Quindi, piuttosto che guardare con diffidenza soltanto chi si muove sui social, bisogna anche chiedersi come migliorare il modo in cui l’arte viene comunicata dalle voci più autorevoli. Bisogna sforzarsi di rendere l’arte più accessibile, senza banalizzarla. Il linguaggio complesso e l’approccio infeltrito hanno sicuramente creato una spaccatura tra arte e pubblico, fino al punto che per i musei e per gli organizzatori di eventi culturali a volte diventa più vantaggioso chiamare un influencer al posto di un critico.

Il problema è che l’influencer ti posta le stories con l’aperitivo e il dj set, ma poi di dice che è alla mostra di Bansky invece che di Banksy o ti pronuncia il nome di Uglo Mulas alla francese (è successo davvero, una volta l’ho sentito chiamare Hugo Mulás). Fanno i numeri, fanno engagement, ma restano nella loro superficialità perché in fin dei conti sono quello che sono, mentre il critico tradizionale ha le competenze ma rischia di annoiare o, peggio ancora, di far sentire il pubblico inadeguato e a disagio.
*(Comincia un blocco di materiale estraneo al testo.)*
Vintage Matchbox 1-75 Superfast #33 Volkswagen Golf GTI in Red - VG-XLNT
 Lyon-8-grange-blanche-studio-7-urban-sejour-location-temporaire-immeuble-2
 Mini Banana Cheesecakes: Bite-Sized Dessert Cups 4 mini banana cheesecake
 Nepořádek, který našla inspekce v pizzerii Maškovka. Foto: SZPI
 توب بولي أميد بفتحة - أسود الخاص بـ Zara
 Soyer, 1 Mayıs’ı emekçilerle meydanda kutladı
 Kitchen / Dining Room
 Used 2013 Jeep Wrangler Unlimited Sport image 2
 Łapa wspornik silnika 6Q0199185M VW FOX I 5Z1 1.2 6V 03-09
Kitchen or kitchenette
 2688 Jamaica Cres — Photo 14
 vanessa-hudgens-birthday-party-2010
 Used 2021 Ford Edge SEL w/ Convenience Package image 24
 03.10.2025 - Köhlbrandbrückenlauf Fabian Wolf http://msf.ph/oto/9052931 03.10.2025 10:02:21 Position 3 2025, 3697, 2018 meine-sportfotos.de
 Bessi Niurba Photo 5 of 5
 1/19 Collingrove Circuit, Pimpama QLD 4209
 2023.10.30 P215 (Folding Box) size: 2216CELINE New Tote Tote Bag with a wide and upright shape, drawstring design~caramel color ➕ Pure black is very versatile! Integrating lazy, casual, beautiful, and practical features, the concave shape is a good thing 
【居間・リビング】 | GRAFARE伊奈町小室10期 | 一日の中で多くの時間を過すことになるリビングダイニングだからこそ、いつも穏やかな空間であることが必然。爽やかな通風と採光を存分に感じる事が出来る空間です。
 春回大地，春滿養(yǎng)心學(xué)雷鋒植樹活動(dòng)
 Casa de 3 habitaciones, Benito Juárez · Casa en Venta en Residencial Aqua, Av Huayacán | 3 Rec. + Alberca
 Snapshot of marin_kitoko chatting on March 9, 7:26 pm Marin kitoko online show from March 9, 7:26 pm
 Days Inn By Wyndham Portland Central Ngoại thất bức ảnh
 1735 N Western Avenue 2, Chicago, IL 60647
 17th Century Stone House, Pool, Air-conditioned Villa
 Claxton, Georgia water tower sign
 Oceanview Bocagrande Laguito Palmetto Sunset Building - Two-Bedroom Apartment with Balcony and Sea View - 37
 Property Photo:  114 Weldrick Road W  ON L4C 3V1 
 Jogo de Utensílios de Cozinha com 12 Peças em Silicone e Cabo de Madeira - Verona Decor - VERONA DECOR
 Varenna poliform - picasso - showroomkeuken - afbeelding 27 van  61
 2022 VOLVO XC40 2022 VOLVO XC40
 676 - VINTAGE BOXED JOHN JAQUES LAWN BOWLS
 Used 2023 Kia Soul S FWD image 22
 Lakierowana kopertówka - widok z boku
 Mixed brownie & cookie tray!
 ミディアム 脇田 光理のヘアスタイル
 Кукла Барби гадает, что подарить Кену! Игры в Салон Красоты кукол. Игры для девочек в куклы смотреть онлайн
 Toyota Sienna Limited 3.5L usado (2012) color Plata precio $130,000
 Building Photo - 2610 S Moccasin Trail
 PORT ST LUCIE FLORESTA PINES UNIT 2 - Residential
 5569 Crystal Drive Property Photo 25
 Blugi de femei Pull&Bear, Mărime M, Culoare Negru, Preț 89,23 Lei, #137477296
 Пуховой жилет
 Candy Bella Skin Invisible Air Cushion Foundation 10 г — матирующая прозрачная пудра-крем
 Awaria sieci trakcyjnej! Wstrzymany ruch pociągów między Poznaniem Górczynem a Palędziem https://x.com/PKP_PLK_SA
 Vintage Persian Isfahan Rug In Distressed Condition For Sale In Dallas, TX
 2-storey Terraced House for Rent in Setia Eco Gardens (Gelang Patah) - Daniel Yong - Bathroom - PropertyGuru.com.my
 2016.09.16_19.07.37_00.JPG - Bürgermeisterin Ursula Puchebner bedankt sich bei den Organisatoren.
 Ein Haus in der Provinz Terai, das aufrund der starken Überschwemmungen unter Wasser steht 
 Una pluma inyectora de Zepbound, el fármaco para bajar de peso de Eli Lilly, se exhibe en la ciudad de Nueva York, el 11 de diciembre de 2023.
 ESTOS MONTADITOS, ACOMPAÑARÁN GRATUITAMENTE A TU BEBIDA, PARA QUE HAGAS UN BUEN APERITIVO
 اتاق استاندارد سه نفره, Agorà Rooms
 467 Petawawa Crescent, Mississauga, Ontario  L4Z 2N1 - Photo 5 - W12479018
È una sconfitta, da un certo punto di vista, ma anche un segnale chiaro: il mondo dell’arte ha bisogno di comunicatori che sappiano mantenere l’attenzione, senza sacrificare il contenuto. Se l’arte continua a essere raccontata in modo pedante, distante e incomprensibile, non c’è da stupirsi che il pubblico finisca per stufarsi e che preferisca guardare a chi sa usare ironia e leggerezza, anche a costo di perdere il valore culturale. È necessario ripensare il ruolo del critico d’arte, aggiornare le sue modalità di comunicazione e renderlo una figura capace di attrarre, senza per forza scadere nel bieco show dei #supplied e degli #adv. Quindi, in chiusura, un appello a giovani critici d’arte, neolaureati in Storia dell’Arte e Beni Culturali: si presenta un’opportunità, fatevi sotto!